Overview

Organic reactions are chemical reactions involving organic compounds. While pure hydrocarbons undergo certain limited classes of reactions, many more reactions which organic compounds undergo are largely determined by functional groups. The general theory of these reactions involves careful analysis of such properties as the electron affinity of key atoms, bond strengths and steric hindrance. These issues can determine the relative stability of metastable (or short-lived)  reactive intermediates, which often determine the path of the reaction sequence.

The basic reaction types are: addition reactions, elimination reactions, substitution reactions, pericyclic reactions, rearrangement reactions and redox reactions .

An example of a substitution reaction is written as:

                     Nu ⁻    +     C - X          →         C - Nu     +     X ⁻

where X is some functional group and Nu is a nucleophile.

The number of possible organic reactions is basically infinite. However, certain general patterns are observed that can be used to describe many common or useful reactions. Each reaction has a stepwise reaction mechanism that explains how it happens in sequence -- although the detailed description of steps is not always clear from a list of reactants alone.

A reaction mechanism is the step by step sequence of elementary reactions by which overall chemical change occurs. Although only the net chemical change is directly observable for most chemical reactions, experiments can often be designed that suggest the possible sequence of steps in a reaction mechanism. A mechanism describes in detail exactly what takes place at each stage of a chemical transformation.

The mechanism includes a description of which bonds are broken and in what order, which bonds are formed and in what order, and what the relative rates of the steps are. The mechanism includes a description of the transition state -- the highest energy state or conformation in the process of any chemical or physical transformation. The transition state can be considered a reaction intermediate or activated complex which is in metastable state, since both reactants and products represent lower energy configurations.

Note that only in an irreversible reaction can we assume that all reactants will indeed proceed to the formation of products. Chemical equilibrium is the state in which the concentrations of the reactants and products have no net change over time. Usually, this state results when the forward reactions proceed at the same rate as their reverse reactions.

A complete mechanism must also account for all reactants used, the function of a catalyst, stereochemistry, the qualitative composition of all products formed and the quantitative amounts of each product. A reaction mechanism must also account for the order in which molecules react. Often what appears to be a single step conversion is in fact a multi-step reaction sequence.

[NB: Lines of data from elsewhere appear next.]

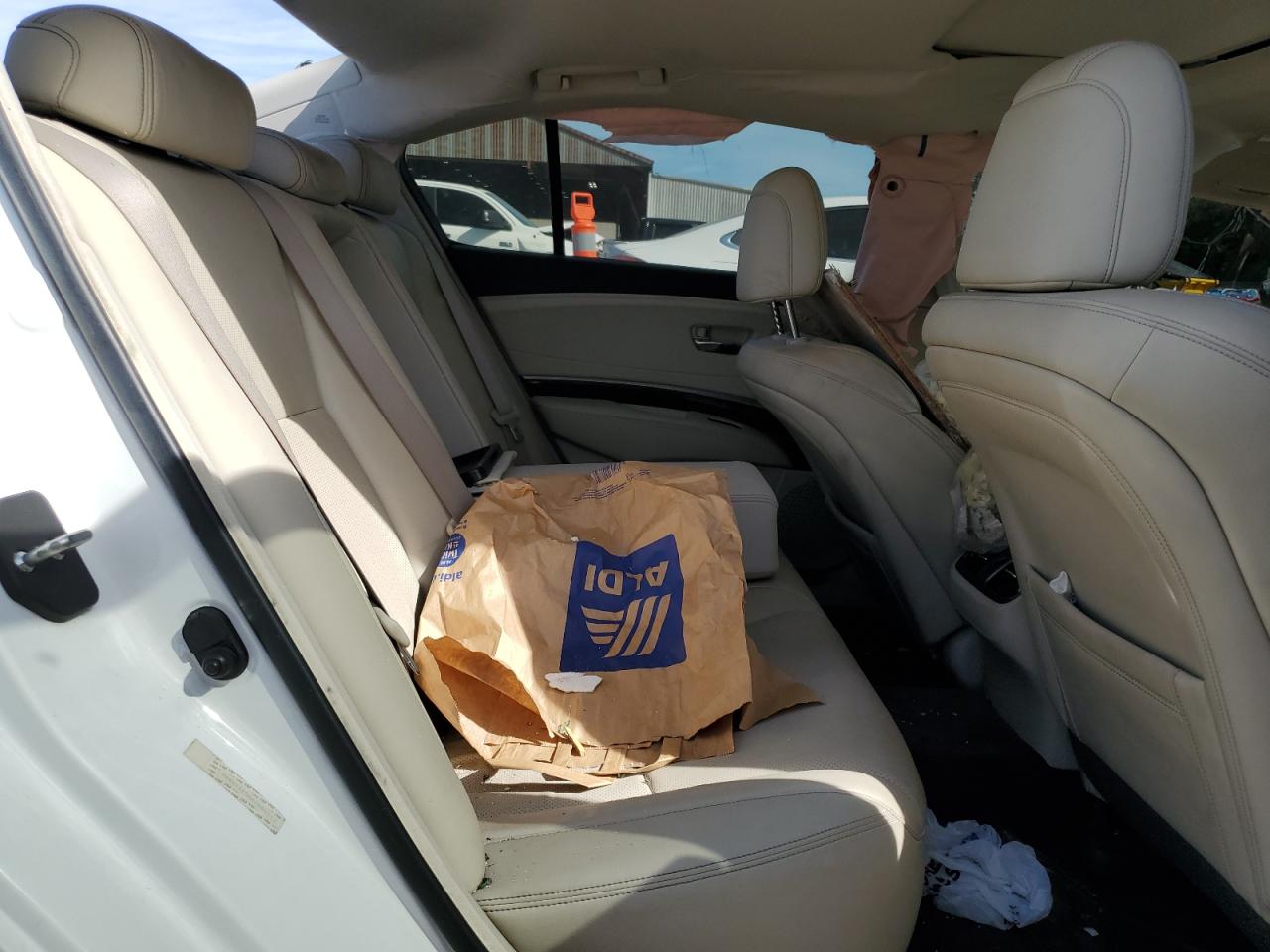 2014 Acura Rlx Tech VIN: JH4KC1F56EC006513 Lot: 86866635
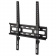 Картинка Кронштейн для телевизора Hama H-108770 черный 32"-56" макс.30кг настенный фиксированный от магазина РЭССИ Кронштейн для телевизора Hama H-108770 черный 32"-56" макс.30кг настенный фиксированный от магазина РЭССИ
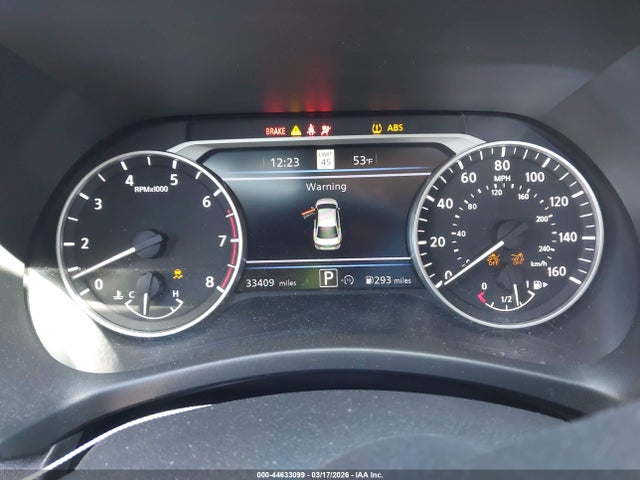 44633099 :رقم المزاد ، 3N1AB8CV2RY221092 vin ، 2024 Nissan Sentra Sv Xtronic Cvt مزاد بيع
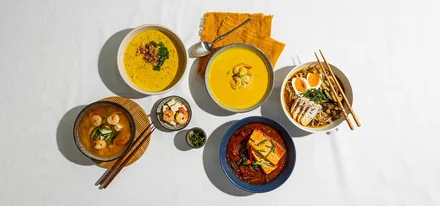 Согревающие супы: 10 лучших рецептов на осень и зиму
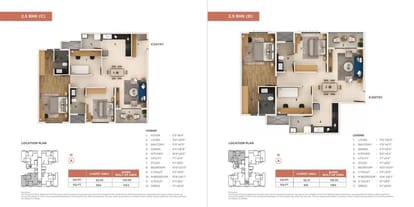 Adarsh Welkin Park Brochure Image 13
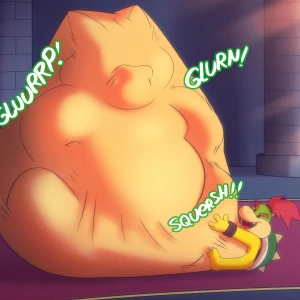 Bowser jr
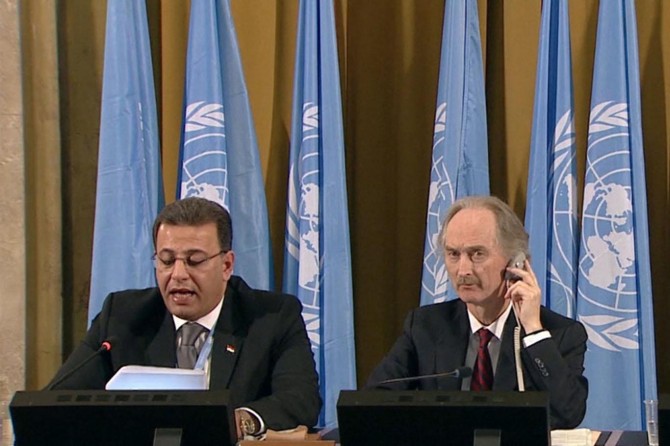 Suriye Anayasa Komitesi görüşmeleri tıkandı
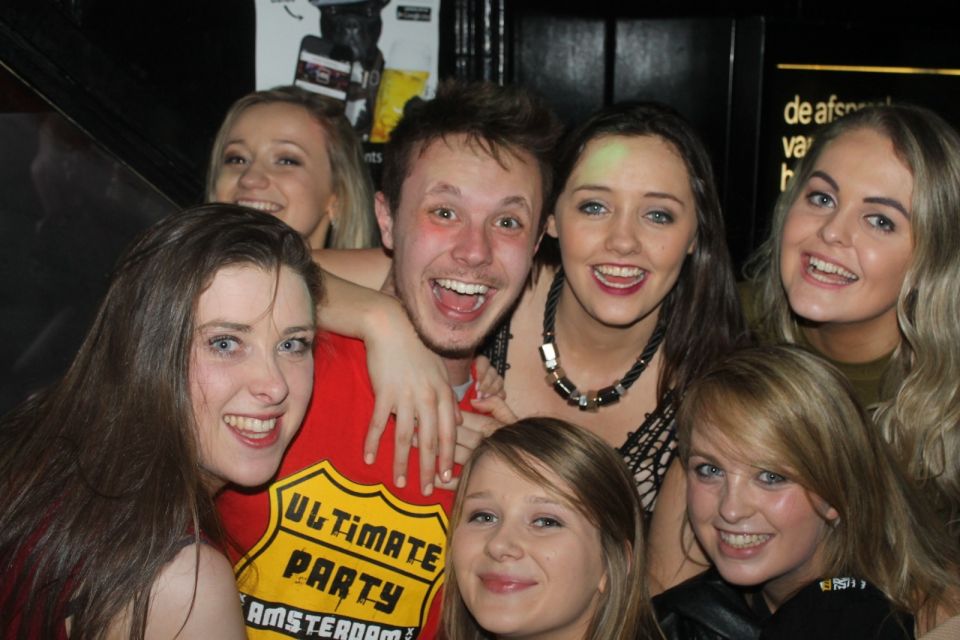 City Centre and Red Light Pub Crawl: 2 Night Pass - Who This Fits Best (And Who Might Be Happier Elsewhere)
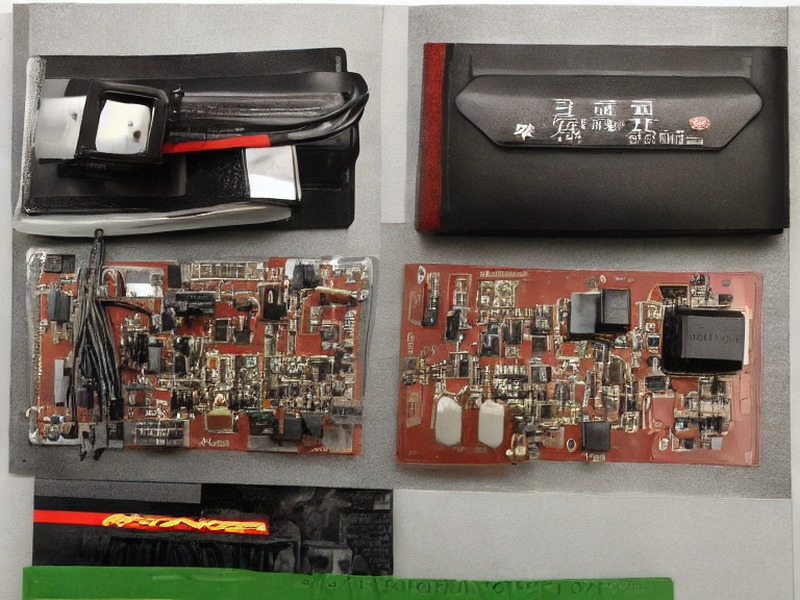 蓝牙模块产品线资料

Physical chemistry includes the study of chemical kinetics or reaction kinetics, which emphasize the role of  reaction rates in a chemical reactions. Analyzing the influence of different reaction conditions on the reaction rate gives information about the reaction mechanism and the transition state of a chemical reaction. The law of mass action  states that the speed or rate of any chemical reaction is proportional to the quantity (or concentration) of the reacting substances.

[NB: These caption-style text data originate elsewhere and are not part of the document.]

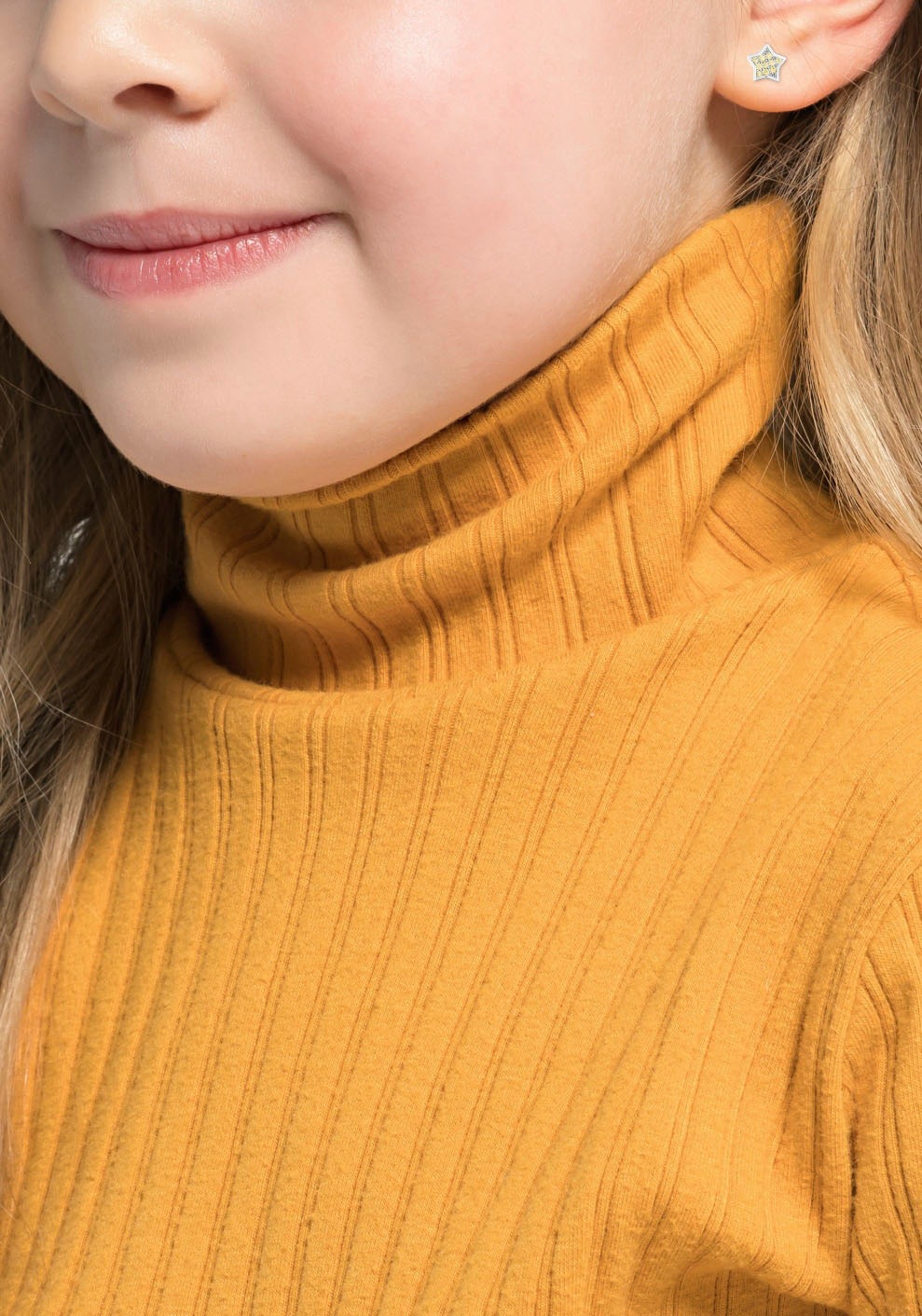 Amor Paar Ohrstecker »Funkelnder Stern« mit Zirkonia (synth.)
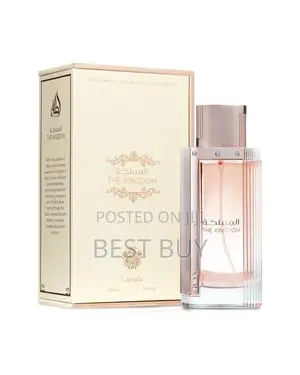 The Kingdom Women Perfume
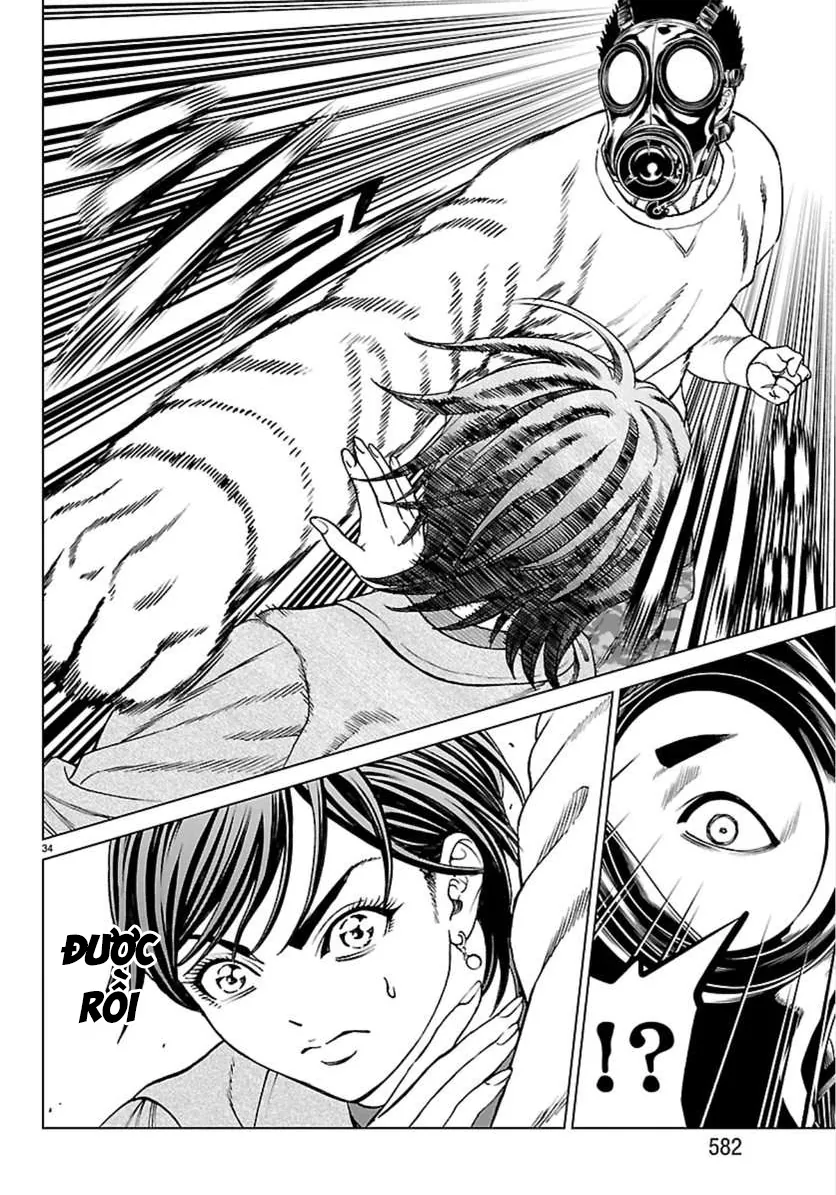 Psycho X Past: Những Vụ Án Giết Người Kỳ Quái Chapter 52 - Trang 38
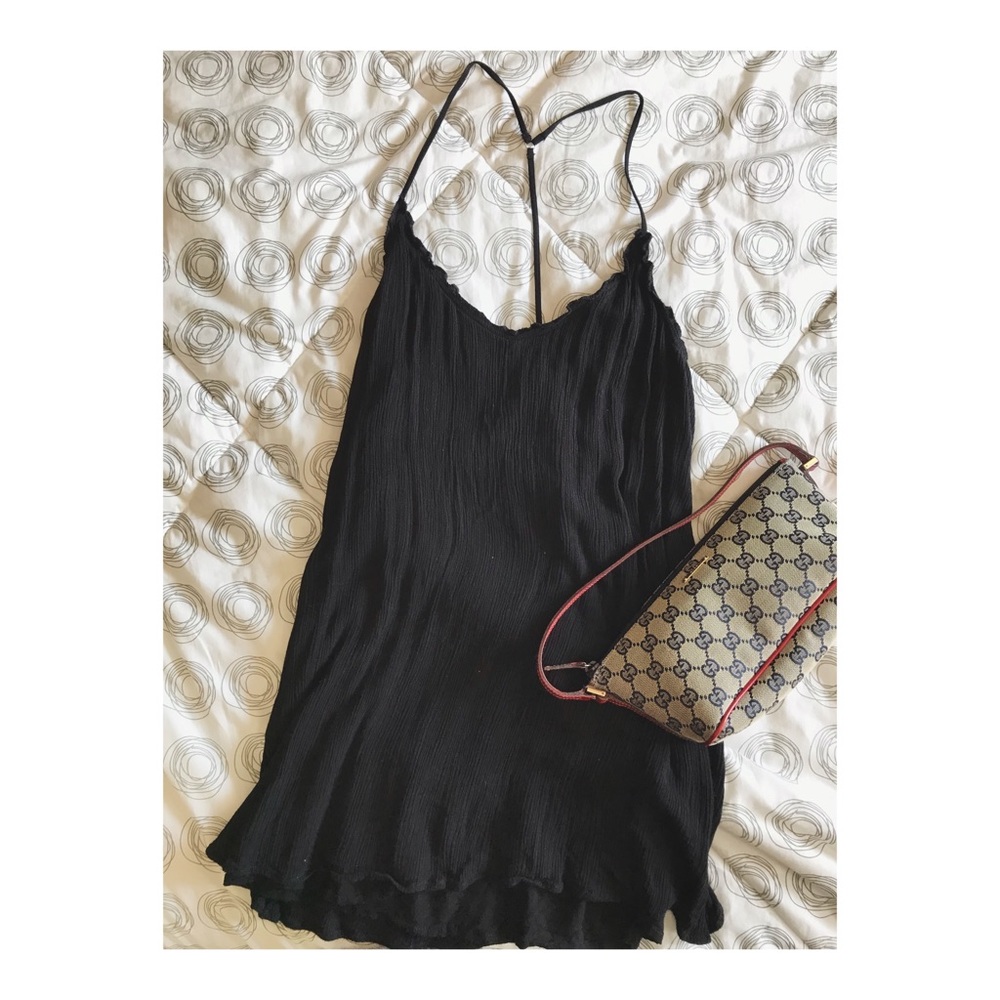 Black Shift Dress ✨UNAVAILABLE ✨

Consider the following example:

                                                    CO  +  NO₂    →    CO₂ +  NO

It has been shown experimentally that the rate law for this reaction is given by:

                                                                     R  =   k [NO₂] ²

                                                                 R  =  Rate of reaction

                                                     k  =  Reaction (equilibrium) constant

                                                [NO₂]   =  Molar concentration of NO₂

I.E. For any given concentration of NO₂, the rate of the reaction R is determined by an equilibrium constant k which is measured in a series of carefully controlled experiments. Once k is determined, R can be calculated for any initial concentration of NO₂. 

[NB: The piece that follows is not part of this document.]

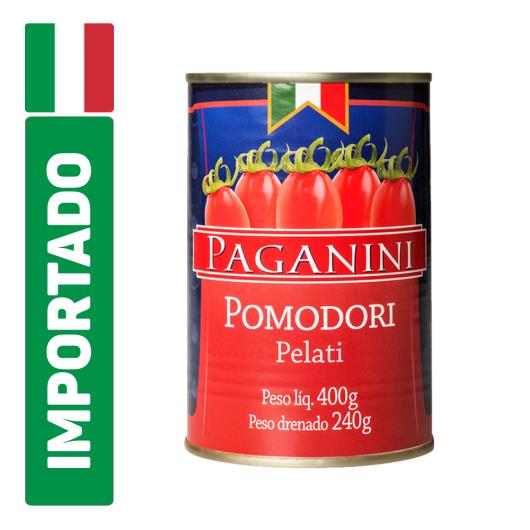 Tomate pelado Paganini 400g - Imagem em destaque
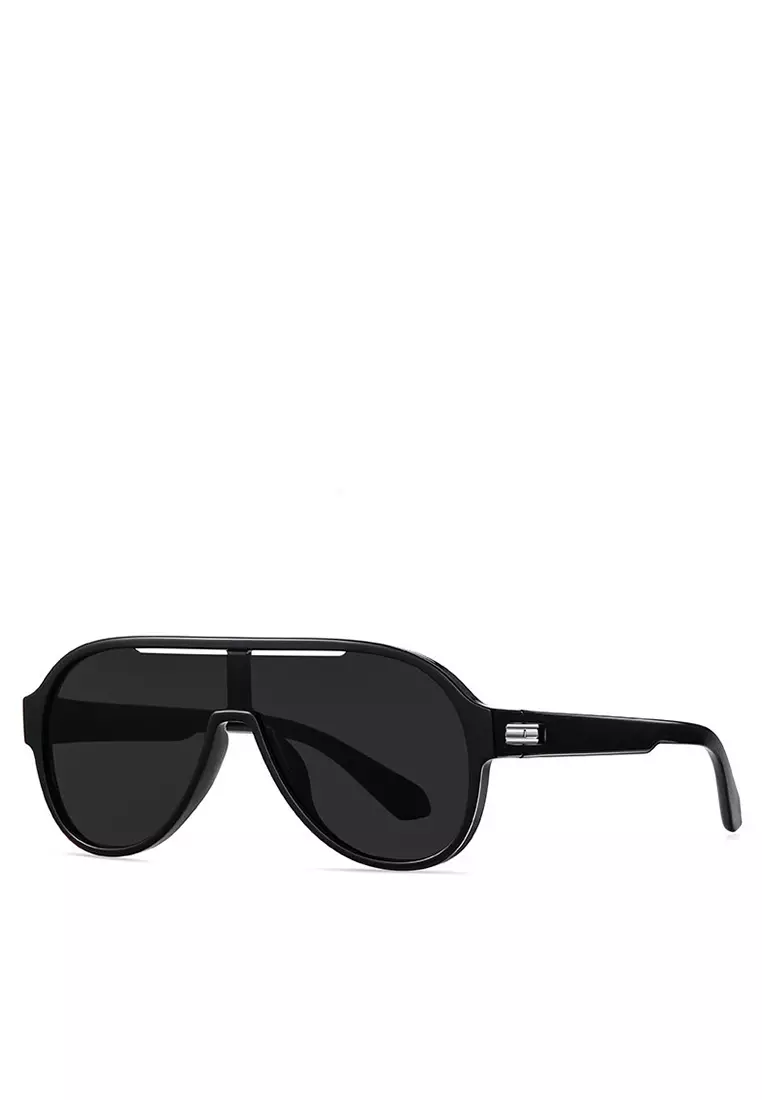 Buy Twenty Eight Shoes Large Frame One-Piece Polarized Sunglasses WD-TR7546  2024 Online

Therefore, a possible mechanism by which this reaction takes place is:

   ( slow )                                 2 NO₂   →   NO₃   +   NO

   ( fast )                               NO₃  +  CO   →   NO₂ +  CO₂

The net reaction would then be given as initially stated:

                                                    CO  +  NO₂    →    CO₂ +  NO

Each step is called an elementary step, and each has its own rate law and molecularity. All of the elementary steps must add up to the original reaction.

There are only four types of elementary steps:

1) Addition, 2) Elimination, 3) Substitution and 4) Rearrangement.

When determining the overall rate law for a reaction, the slow step is the step that determines the reaction rate. Because the first step is the slow step, it is the rate-determining step. Because it involves the collision of 2 NO₂ molecules, it is a bimolecular reaction with a rate law of  R = k [NO₂] ². If one were to cancel out all the molecules that appear on both sides of the reaction, you would be left with the original reaction.

Note: In this particular case, the rate of reaction R depends solely on the concentration of a single reactant, and is independent of the concentration of the second reactant. The exponents determine the order of reaction and depend on the reaction mechanism. We call this a second-order reaction, as it is only dependent on the concentration of a single second-order reactant. . Another type of second-order reaction would be dependent on tow first-order reactants, such as R  =  k [A] [B]  where A and B are reactants. 

Organic reactions can be organized into several basic types. Some reactions fit into more than one category. For example, some substitution reactions follow an addition-elimination pathway. This overview isn't intended to include every single organic reaction. Rather, it is intended to cover the basic reactions.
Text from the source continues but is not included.